(Beginning of Dataset excerpts)

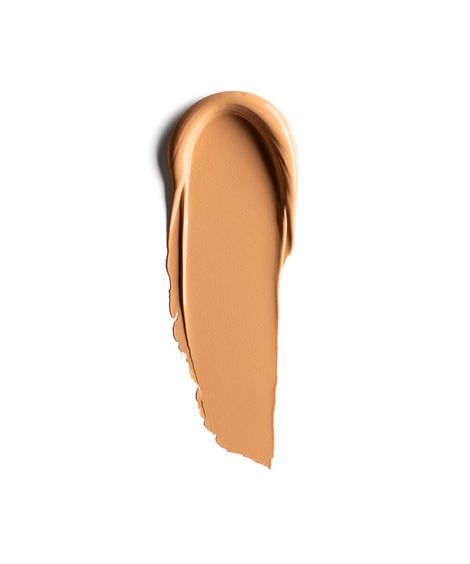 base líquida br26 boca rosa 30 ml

(End of Dataset excerpts)
(Beginning of Dataset excerpts)

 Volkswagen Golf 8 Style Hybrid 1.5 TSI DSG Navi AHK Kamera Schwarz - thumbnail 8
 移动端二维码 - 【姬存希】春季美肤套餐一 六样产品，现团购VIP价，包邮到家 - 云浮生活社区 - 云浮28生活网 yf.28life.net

(End of Dataset excerpts)
(Beginning of Dataset excerpts)

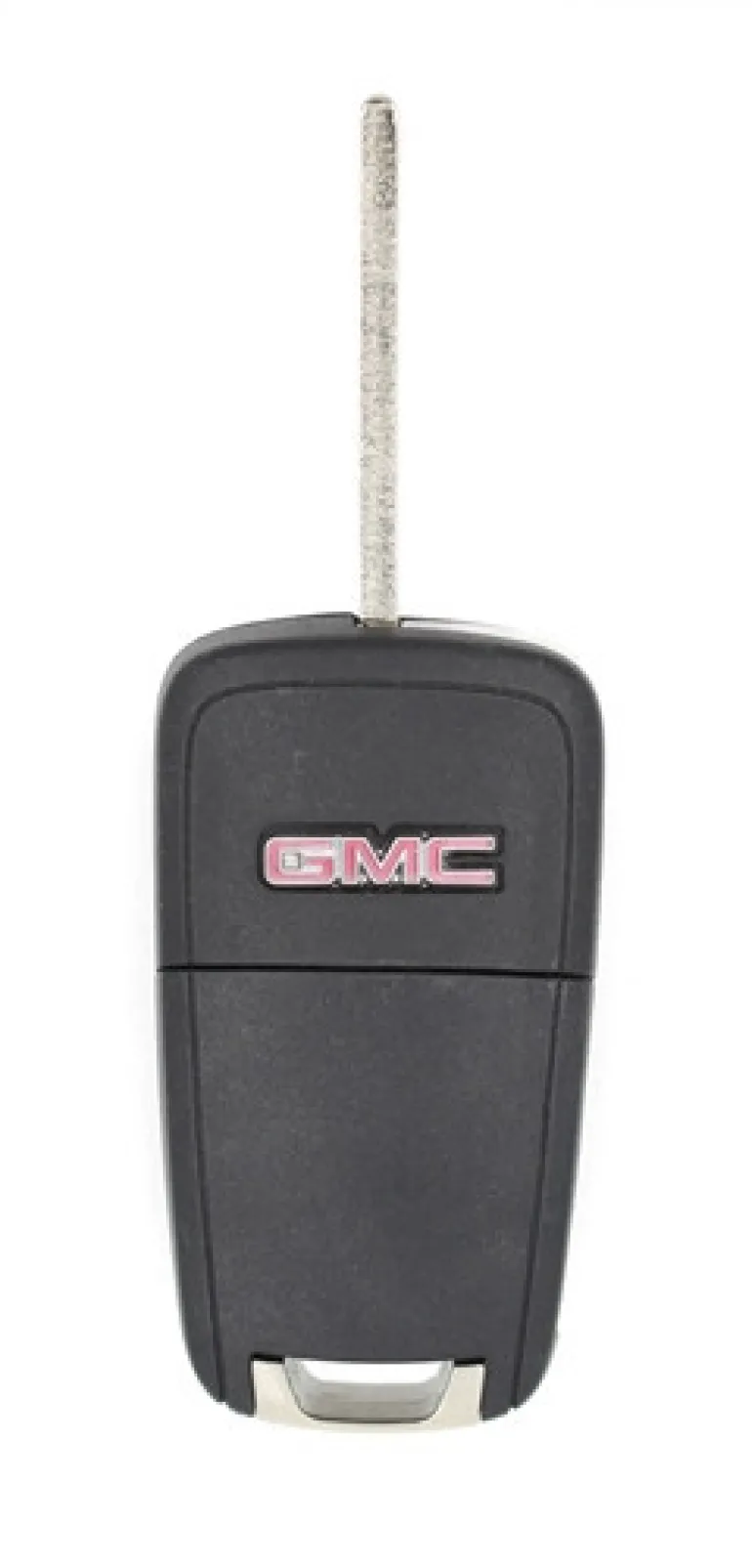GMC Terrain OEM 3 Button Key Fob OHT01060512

(End of Dataset excerpts)

Exercise:
Please transcribe exactly the lines above from the line that has "Volkswagen Golf 8" up to and including the line that has "移动端二维码 - 【姬存希】春季美肤套餐一"; no other line belongs in the answer.

Result below:
 Volkswagen Golf 8 Style Hybrid 1.5 TSI DSG Navi AHK Kamera Schwarz - thumbnail 8
 移动端二维码 - 【姬存希】春季美肤套餐一 六样产品，现团购VIP价，包邮到家 - 云浮生活社区 - 云浮28生活网 yf.28life.net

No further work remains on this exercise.